The company took on investment capital late last year for the first time in its 16-year history. Five Elms, a private equity firm in Kansas City, Mo., invested $5 million that is being deployed to attract new talent for roles in customer success, sales and marketing, as well as continued innovation and engineering spending that will “keep the blood flowing” to the company’s healthy product development pipeline.

“One of the reasons I have such confidence in our business plan is because it would be extremely difficult to replicate not just the products and business intelligence, but the extraordinary teams we’ve built over the past 16 years,” Paroon said. “It may take a full year this time, but we will double in size again over the next 12 months.”

Employees who have been through the rapid growth stage before with another tech company are a top recruiting target for Passageways. Having spent 16 years disrupting and developing the secure collaboration market, the leadership wants to add to that some real-world expertise in building a great business and Indianapolis is proving to have exceptional people with those skills.

Passageways is mindful of how companies can change during times of rapid growth, so the leadership team spends a significant amount of time talking about culture and thinking through who they are and who they want to be as a company, as well as the impact of adding another 100 people to the operations, which will necessitate new, bigger office spaces. The Indianapolis office is barely a month old and the shared space offered to them by Lev at Regions Tower is already full.
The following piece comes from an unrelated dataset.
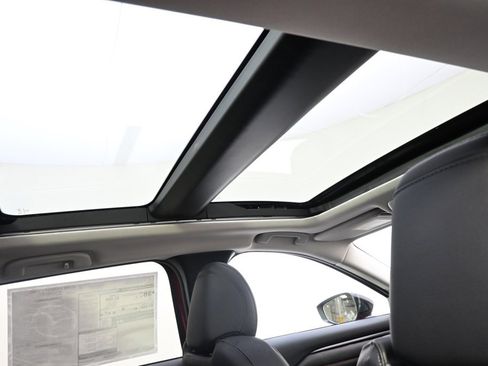 New 2026 MAZDA CX-50 AWD 2.5 Hybrid w/ Cargo Package image 17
“We are solving the collaboration problem for the world’s leading brands at a time when companies, more than ever, value the talent that they have fought hard to hire and must fight hard to keep, including top advisors like board members,” Paroon said. “Recognizing that opportunity is a very Indiana thing, a Hoosier sensibility, if you will. And our story is an Indiana story—we started at Purdue in Lafayette, most of our talent has come from here, our early customers who believed in us are here, and we plan to stay and grow here becoming that next great Indiana success story.”